Eric was out doing deliveries when I got there but I received the royal reception from his dad, Dennis (literally, the man wore a crown) and was practically drooling as I carried the bag of food and merch back to the car. when we got back to the Airbnb and put the baby down for her nap, we tore into the huge paper sack to find not only the two hoagies we ordered, but a bonus third sandwich with “F.G.” scrawled on top.
it took me a moment or two to work out what was going on, but it dawned on me: this is the mythical Finksgiving, a hoagie with turkey, gravy, stuffing and cranberry dressing that appears only seasonally on the menu. I’m not the world’s biggest fan of turkey (I’ve been bringing ribs to Thanksgiving for the past three years) but the sandwich was an absolute knockout. I housed my half and Alex put away hers in similar fashion.

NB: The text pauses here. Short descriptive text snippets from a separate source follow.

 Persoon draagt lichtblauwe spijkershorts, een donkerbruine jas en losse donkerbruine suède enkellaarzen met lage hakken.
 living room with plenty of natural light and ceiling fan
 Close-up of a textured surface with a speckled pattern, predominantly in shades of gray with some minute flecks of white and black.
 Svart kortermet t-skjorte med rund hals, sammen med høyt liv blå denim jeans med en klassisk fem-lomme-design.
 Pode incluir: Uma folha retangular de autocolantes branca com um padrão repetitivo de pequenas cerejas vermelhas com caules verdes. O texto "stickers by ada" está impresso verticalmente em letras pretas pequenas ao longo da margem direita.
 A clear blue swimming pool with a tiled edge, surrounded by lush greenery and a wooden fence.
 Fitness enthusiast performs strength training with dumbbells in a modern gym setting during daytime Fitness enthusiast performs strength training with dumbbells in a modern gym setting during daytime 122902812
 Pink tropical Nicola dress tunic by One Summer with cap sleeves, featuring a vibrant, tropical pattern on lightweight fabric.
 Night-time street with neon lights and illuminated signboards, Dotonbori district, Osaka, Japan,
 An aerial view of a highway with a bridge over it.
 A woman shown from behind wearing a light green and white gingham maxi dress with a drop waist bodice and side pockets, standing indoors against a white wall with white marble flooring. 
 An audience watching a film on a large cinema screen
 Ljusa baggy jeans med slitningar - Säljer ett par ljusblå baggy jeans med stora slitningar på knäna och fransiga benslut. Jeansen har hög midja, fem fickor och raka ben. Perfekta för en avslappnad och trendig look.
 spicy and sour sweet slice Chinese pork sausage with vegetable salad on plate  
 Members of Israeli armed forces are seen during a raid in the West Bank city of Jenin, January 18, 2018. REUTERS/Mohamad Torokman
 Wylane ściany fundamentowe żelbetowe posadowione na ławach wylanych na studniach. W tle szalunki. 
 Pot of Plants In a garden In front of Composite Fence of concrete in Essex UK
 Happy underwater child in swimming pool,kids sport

everything we ordered was out of this world. I ordered the Tacony for myself (rare roast beef, crumbled sharp provolone, balsamic-marinated asparagus) while Alex chose the OG Italian, which had everything you could imagine. I’d been looking at the Fink’s menu since 2018 and it was everything I’d been hoping for. this is also not a paid ad, the hoagies are just that damn good.
so if you’re in Philly, you either know what I’m talking about or you’ve been meaning to hit Fink’s and try it out. please feel free to rely on my ringing endorsement (and get there before the Finksgiving disappears).
Parting Note
ah I hate this part. I’m never any good at it. but I’ve had M*A*S*H on in the background as I sit (on the couch!) writing this, and I figured the theme song from the movie was as good as anything.
fun fact: the title of the song, Suicide is Painless, really implies it’s a heavy track. but according to reporting done by a book called Uncle John's Canoramic Bathroom Reader, the lyrics were written in five minutes by composer Johnny Mandel’s 14-year-old son, who was tasked with writing “the stupidest song ever written.” maybe you had to be there in the 70s when it was first performed, because they don’t strike me as particularly absurd, but the song turned out to be an iconic title track.